*** Opening of GIVEN DATA ***

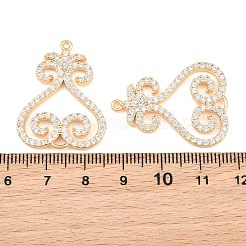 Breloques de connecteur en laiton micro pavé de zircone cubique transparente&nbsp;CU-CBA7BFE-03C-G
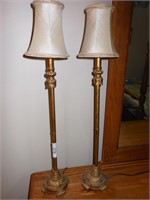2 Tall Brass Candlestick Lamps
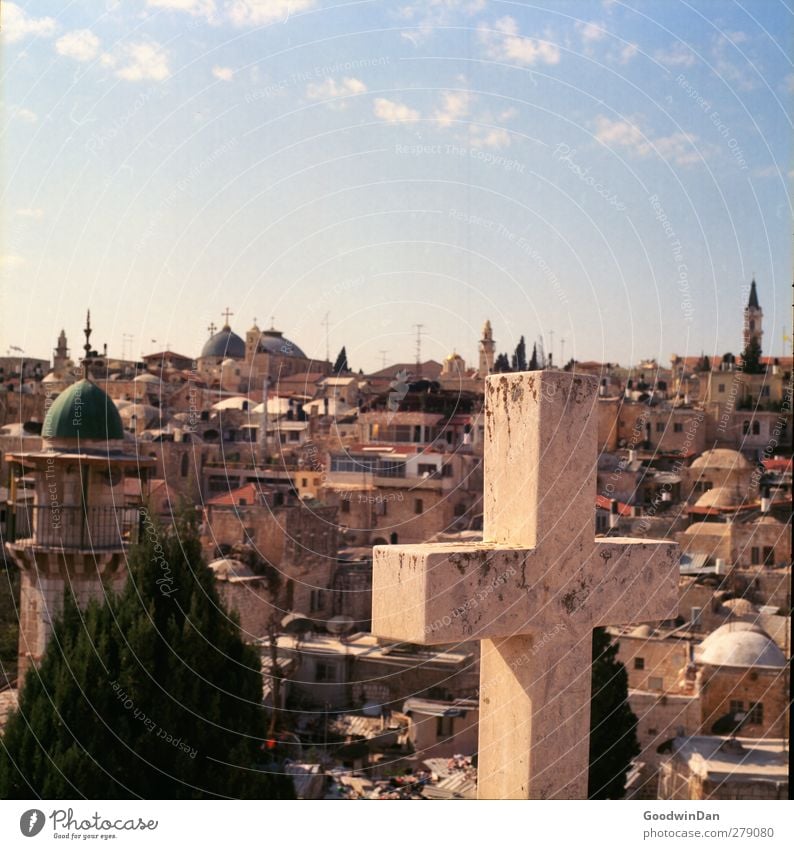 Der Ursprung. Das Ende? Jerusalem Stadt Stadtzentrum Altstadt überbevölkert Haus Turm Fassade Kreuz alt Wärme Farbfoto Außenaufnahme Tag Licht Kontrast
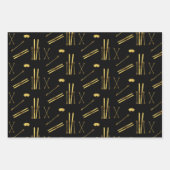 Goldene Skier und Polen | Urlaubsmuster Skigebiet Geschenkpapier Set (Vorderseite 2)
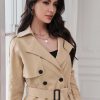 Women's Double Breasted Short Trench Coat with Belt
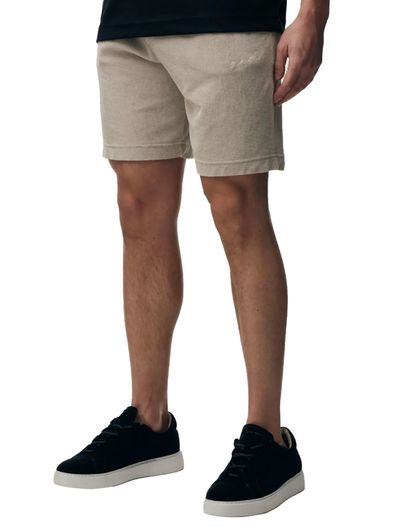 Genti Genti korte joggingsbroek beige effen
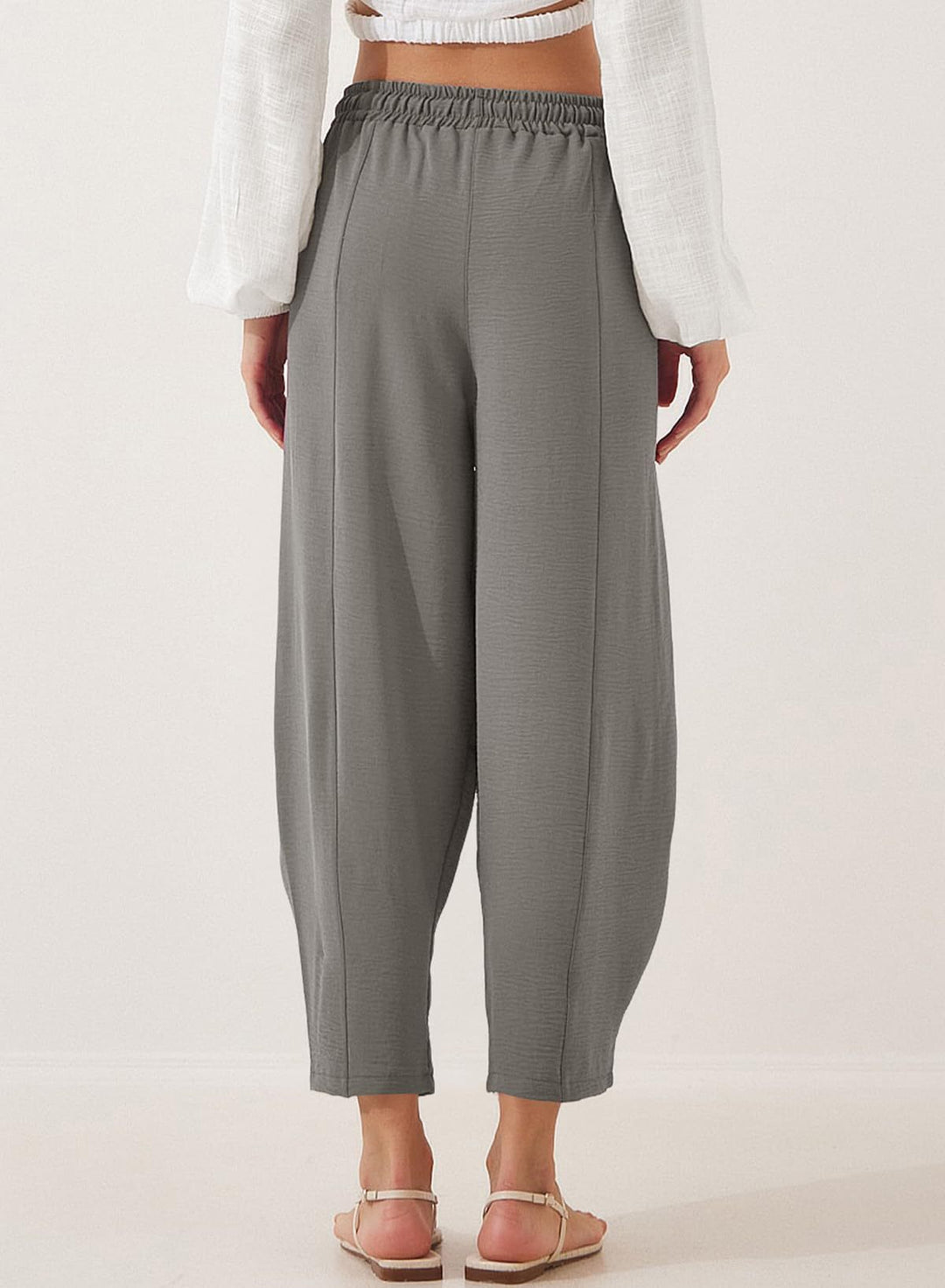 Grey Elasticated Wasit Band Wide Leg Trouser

*** Close of GIVEN DATA ***

--- TASK BRIEF ---
Repeat the records word for word, skipping pictures.

--- EXPECTED OUTPUT ---
 Breloques de connecteur en laiton micro pavé de zircone cubique transparente&nbsp;CU-CBA7BFE-03C-G
2 Tall Brass Candlestick Lamps
 Der Ursprung. Das Ende? Jerusalem Stadt Stadtzentrum Altstadt überbevölkert Haus Turm Fassade Kreuz alt Wärme Farbfoto Außenaufnahme Tag Licht Kontrast
 Goldene Skier und Polen | Urlaubsmuster Skigebiet Geschenkpapier Set (Vorderseite 2)
 Women's Double Breasted Short Trench Coat with Belt
 Genti Genti korte joggingsbroek beige effen
 Grey Elasticated Wasit Band Wide Leg Trouser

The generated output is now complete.